20. We discharge the Probation Order for Gavin
Hartley.
21. The Prosecution commented in their opening on
the States of Jersey Police Officers and their efficiency in being involved in
this operation. The Prosecution
commended them for their dedication and professionalism and, in particular, for
the conduct of the covert surveillance operation which they undertook and
which, there is no doubt, largely contributed to the outcome of the trial over
which I presided.

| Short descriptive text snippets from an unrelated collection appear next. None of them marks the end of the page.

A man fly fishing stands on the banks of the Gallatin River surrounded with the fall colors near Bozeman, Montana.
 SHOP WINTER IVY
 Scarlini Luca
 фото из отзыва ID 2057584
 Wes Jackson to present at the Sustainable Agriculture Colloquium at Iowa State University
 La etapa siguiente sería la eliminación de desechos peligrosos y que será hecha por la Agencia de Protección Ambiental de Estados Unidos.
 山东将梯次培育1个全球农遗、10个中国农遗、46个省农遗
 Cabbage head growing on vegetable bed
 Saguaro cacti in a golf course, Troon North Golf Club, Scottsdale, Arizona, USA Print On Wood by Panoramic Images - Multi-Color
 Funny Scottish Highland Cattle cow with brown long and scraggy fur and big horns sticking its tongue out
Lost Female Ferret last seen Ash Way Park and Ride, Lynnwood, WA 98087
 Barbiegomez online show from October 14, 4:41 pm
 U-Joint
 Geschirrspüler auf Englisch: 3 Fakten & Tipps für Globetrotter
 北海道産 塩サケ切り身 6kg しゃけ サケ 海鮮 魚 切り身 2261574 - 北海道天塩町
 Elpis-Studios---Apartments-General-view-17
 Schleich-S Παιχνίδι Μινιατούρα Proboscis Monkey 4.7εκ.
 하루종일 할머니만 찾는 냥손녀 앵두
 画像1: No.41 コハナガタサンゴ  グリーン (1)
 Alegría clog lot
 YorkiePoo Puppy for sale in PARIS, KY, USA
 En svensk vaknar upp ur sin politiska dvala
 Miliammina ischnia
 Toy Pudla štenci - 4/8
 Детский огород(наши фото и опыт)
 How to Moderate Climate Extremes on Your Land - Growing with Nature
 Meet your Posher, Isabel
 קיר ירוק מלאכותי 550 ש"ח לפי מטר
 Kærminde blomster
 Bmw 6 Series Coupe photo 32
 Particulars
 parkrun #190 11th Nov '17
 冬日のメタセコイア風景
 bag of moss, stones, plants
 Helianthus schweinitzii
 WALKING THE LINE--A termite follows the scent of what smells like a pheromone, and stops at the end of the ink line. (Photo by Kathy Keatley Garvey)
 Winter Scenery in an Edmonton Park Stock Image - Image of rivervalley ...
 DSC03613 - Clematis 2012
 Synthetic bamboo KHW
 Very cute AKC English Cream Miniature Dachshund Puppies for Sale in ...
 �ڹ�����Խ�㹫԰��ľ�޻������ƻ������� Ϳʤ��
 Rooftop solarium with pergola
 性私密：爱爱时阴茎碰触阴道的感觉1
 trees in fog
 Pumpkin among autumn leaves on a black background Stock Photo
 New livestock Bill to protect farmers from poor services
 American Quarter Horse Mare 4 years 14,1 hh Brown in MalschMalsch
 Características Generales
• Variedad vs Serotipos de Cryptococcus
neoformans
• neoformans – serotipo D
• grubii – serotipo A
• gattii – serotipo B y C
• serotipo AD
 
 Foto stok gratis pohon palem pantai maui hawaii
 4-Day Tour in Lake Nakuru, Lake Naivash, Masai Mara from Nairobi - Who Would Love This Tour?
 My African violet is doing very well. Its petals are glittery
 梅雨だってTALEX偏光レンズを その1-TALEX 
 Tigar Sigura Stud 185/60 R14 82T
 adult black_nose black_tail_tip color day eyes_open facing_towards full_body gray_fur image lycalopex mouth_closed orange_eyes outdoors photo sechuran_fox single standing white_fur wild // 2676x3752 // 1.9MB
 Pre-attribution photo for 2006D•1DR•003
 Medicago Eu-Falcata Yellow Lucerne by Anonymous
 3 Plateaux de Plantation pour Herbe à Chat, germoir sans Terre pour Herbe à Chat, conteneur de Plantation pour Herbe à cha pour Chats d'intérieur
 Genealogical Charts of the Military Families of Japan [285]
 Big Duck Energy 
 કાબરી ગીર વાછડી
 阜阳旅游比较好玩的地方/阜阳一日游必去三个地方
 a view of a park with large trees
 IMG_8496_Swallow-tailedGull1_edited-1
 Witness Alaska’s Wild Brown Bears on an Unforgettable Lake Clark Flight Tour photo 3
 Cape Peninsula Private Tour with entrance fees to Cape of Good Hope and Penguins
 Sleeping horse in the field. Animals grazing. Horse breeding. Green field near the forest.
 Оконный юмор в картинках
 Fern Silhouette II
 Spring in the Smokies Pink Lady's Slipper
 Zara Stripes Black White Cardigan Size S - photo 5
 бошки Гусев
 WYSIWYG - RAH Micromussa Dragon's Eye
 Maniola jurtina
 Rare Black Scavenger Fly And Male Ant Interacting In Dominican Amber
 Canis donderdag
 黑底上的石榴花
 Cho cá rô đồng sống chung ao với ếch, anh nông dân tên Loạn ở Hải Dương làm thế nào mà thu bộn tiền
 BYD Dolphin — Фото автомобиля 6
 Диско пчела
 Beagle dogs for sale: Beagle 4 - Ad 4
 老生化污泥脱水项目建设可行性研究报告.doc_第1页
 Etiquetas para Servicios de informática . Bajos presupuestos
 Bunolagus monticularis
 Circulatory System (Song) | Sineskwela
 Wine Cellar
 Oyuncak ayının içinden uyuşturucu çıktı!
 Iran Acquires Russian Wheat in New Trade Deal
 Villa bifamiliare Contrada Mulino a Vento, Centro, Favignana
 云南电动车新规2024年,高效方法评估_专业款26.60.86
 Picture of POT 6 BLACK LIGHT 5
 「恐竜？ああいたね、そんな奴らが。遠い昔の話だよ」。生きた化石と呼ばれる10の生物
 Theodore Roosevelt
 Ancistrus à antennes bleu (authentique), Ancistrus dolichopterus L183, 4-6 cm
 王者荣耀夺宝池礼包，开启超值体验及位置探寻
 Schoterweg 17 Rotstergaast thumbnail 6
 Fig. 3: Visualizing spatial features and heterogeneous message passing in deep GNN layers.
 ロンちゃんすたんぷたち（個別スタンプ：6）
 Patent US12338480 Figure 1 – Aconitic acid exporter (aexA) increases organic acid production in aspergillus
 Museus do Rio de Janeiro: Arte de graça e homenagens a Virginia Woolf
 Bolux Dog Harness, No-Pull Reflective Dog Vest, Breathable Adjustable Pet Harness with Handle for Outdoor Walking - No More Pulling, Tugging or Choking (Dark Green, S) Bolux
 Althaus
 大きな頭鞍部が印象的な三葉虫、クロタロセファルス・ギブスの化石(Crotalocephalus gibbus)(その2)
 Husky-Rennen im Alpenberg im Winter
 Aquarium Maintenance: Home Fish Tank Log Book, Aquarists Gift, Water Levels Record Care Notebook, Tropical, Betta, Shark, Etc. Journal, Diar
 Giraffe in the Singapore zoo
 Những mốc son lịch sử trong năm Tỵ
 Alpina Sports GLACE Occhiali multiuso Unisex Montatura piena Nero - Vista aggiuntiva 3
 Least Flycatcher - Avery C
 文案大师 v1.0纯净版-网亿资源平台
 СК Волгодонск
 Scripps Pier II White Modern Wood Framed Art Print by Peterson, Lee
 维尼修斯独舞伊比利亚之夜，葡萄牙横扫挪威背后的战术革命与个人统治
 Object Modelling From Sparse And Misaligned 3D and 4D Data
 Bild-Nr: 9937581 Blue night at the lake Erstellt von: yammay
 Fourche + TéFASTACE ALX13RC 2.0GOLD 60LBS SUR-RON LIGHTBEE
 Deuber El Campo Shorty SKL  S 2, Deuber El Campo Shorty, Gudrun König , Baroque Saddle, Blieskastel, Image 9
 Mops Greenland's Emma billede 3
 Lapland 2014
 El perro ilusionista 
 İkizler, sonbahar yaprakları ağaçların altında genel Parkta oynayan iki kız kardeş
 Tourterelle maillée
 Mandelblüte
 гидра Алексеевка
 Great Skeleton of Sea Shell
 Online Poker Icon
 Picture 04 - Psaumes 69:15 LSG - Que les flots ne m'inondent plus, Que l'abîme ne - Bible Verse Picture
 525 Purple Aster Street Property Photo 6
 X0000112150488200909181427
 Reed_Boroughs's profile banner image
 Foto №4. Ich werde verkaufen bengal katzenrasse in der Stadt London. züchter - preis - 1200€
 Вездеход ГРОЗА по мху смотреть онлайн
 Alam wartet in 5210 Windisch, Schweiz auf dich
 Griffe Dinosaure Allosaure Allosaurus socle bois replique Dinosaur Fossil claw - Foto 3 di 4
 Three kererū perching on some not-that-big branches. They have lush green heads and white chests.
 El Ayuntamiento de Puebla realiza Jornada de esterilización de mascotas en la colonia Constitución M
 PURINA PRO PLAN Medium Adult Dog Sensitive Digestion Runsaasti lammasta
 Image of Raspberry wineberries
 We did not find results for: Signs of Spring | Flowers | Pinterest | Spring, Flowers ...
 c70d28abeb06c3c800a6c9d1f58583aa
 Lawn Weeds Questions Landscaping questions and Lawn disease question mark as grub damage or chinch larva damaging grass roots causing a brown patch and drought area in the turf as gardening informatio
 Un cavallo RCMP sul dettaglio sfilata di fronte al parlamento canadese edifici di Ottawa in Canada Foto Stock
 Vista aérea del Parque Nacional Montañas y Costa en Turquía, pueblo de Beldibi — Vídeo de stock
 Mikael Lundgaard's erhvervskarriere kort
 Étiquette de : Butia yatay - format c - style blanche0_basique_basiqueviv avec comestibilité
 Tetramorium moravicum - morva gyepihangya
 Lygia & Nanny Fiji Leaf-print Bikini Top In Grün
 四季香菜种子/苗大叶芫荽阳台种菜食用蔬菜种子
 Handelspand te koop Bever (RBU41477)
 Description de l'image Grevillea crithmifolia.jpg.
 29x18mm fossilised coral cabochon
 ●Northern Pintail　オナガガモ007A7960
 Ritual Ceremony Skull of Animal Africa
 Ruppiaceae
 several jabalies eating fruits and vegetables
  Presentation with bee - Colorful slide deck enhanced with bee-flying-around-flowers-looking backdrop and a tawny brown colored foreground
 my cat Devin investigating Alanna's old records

The Court would
wish to endorse those comments and thank and congratulate the Police of the
States of Jersey for all their efforts in bringing these defendants to justice
and thereby reducing the incidence of importation of drugs into this Island.
Advocate Gollop, I would be grateful if you would convey the
Court’s comments to the appropriate authorities.
22. I would like to thank all counsel for their
help and co-operation with the efficient handling of, not only evidence relating
to the interviews, but also of the covert surveillance transcript material. We were able, as a result, to conduct the
trial, I believe, in an efficient and expedient manner and I am grateful to all
counsel for that.
Authorities
Rimmer and Ors. –v- AG [2001]
JLR 373.
Welsh –v- AG [2002] JLR N. 16.
Morgan
and Schlandt –v- AG (24th
April 2001) Jersey Unreported; [2001/88].
AG
–v- Finnigan [2004] JRC016.
Conquer
–v- AG (4th
April 2002) Jersey Unreported; 2002/73.
Whelan: Aspects of Sentencing in the
Superior Courts of Jersey (2nd Ed’n): paras 139-51.
R –v- Aramah (1982) 4 Cr. App.
R. (S) 407.
R –v- Aranguren (1994) 99 Cr.
App. R.
AG
–v- Lascoumes (5th
April, 2002) Jersey Unreported; [2002/76].
AG
–v- Wootton [2003] JRC34.
AG
–v- Le Pavoux & Baumgartner [2003] JRC75.
AG
–v- Disbury, Presume & Bayliss [2004] JRC117.